Dhamana is a village in Hansi-I mandal of the Hisar district, in the Indian state of Haryana.  It is in between the towns of Hisar and Tosham at about  on the Main District Road 108 (MDR 108). Dhamana is fifth village on Hisar-Tosam road, first is Dabra, Second is Mirkan, Third is Bhojraj, Four is Gunjar. Then Fifth is Dhamana. This village is also known as village of Ahir's peoples.

Adjacent villages

 Dabra (first village at Hisar-Tosham road) on MDR 108
 Mirkan (second village at Hisar-Tosham road) on MDR 108
 Bhojraj (third village at Hisar-Tosham road) on MDR 108
 Gunjar (fourth village)
 Dhamana (fifth village from Hisar to Tosham road)
 Kanwari (sixth village from Hisar to Tosham road)
 Balawas (seventh village at Hisar-Tosham road) on MDR 108 village having similar name is in Rewari District
 Nalwa (eighth village at Hisar-Tosham road) on MDR 108
 Khanak (ninth village at Hisar-Tosham road) on MDR 108
 Kutiya (mangali) in between Mirkan and Bhojraj.

Demographics
As of 2011 India census, Dhamana had a population of 1804 in 352 households.
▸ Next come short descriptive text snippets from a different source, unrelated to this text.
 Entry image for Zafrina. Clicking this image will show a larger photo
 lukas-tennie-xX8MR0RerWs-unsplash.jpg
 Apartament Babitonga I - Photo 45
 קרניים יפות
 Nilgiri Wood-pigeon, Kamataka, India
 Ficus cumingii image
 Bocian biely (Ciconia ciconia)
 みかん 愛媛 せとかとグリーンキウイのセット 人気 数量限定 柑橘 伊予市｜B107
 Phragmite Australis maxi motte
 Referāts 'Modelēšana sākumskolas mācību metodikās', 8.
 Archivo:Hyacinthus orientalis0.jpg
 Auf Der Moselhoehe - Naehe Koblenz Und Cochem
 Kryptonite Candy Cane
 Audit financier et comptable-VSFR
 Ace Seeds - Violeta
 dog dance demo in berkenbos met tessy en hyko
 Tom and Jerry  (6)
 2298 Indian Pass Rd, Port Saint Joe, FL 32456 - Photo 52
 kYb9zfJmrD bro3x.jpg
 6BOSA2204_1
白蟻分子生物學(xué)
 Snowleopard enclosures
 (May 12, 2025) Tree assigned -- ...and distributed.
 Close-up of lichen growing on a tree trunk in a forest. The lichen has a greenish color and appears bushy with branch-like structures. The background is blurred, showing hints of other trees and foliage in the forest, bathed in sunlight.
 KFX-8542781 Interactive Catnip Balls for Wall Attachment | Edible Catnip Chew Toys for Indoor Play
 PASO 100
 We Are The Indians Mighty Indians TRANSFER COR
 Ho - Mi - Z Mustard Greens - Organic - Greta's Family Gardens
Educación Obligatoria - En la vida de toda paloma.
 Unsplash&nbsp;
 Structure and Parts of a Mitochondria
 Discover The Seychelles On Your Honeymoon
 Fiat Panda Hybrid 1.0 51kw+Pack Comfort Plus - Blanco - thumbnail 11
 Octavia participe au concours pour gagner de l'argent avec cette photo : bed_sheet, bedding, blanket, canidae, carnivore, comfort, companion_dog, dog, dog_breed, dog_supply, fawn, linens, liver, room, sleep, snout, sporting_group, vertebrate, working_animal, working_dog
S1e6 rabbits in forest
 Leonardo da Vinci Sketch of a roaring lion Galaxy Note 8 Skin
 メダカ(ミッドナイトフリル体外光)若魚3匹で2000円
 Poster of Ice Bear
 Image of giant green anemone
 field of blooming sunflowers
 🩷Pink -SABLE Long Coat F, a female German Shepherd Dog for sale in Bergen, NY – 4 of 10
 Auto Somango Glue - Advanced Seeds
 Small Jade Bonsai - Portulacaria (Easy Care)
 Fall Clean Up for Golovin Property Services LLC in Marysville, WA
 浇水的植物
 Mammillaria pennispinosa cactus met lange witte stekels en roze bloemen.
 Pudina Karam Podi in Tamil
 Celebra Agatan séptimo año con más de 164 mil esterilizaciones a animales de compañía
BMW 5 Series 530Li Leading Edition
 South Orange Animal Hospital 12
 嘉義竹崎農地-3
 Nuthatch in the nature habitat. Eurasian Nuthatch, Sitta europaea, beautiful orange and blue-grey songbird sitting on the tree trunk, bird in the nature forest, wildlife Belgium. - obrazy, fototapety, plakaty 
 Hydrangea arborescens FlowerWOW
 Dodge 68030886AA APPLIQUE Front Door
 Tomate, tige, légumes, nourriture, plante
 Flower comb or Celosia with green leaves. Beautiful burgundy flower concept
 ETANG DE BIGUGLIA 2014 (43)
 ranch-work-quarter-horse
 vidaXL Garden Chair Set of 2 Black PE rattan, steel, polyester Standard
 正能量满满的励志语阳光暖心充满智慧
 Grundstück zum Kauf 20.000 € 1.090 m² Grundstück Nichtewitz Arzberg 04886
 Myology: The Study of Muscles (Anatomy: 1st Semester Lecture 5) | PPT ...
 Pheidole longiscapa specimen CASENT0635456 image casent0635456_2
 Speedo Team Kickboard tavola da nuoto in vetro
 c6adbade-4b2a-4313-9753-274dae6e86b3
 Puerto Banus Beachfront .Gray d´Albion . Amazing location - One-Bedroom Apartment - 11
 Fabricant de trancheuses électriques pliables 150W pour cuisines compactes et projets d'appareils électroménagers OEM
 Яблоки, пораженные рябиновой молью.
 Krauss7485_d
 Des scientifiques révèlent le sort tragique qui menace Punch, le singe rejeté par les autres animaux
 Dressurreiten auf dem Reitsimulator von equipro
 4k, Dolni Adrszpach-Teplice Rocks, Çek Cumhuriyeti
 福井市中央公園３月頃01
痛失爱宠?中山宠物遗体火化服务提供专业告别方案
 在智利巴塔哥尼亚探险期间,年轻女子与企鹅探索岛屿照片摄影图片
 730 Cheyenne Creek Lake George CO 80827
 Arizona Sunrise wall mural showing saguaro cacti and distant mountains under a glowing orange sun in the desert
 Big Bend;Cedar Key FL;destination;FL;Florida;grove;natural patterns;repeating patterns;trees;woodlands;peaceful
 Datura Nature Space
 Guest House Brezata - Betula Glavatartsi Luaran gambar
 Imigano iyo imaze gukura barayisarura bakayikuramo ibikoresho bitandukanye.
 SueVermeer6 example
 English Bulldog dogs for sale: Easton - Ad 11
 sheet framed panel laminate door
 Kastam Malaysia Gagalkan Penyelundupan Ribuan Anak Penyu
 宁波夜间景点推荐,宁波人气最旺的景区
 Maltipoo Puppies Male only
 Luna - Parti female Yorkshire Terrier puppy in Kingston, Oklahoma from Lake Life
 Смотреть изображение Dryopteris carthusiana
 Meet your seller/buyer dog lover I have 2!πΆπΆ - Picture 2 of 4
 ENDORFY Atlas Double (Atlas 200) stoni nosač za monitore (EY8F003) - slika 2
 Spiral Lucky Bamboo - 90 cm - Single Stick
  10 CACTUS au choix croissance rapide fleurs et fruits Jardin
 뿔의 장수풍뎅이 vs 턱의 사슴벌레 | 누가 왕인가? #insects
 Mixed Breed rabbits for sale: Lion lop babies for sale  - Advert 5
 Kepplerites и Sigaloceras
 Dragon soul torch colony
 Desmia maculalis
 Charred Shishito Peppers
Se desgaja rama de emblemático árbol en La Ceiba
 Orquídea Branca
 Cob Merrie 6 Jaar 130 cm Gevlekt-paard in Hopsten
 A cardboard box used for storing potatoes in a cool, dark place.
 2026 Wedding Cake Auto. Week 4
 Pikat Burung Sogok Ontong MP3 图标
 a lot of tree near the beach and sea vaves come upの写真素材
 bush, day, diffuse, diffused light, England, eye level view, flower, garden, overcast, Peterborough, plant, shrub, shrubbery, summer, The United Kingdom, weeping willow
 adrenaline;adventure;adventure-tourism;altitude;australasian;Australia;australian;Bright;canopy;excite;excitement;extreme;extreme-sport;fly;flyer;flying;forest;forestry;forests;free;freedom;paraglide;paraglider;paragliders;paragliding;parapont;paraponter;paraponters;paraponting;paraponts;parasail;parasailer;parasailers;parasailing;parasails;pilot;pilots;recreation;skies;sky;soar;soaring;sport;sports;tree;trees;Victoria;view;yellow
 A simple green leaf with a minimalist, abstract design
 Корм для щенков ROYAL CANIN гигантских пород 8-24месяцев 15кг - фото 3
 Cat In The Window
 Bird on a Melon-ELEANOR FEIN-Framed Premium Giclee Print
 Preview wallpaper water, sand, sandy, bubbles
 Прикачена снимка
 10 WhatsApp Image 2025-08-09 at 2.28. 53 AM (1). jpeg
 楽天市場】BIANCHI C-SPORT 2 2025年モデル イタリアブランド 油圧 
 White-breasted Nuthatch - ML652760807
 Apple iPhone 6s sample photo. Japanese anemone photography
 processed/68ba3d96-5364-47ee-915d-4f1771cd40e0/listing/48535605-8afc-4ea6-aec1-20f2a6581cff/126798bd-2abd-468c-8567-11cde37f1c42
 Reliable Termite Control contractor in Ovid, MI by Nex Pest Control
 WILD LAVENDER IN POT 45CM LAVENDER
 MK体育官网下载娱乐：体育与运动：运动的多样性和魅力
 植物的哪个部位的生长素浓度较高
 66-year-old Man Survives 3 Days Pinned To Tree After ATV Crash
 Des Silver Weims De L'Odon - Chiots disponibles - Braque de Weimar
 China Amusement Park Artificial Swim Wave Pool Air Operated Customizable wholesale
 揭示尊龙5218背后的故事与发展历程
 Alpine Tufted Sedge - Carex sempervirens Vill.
Males (931) constitute 51.6%  of the population and females (873) 48.39%. Dhamana has an average literacy (1226) rate of 67.96%, less than the national average of 74%: male literacy (729) is 59.46%, and female literacy (497) is 40.53%. In Dhamana, 10.75% of the population is under 6 years of age (194). It is also named as Dhamian in maps and in census 2011.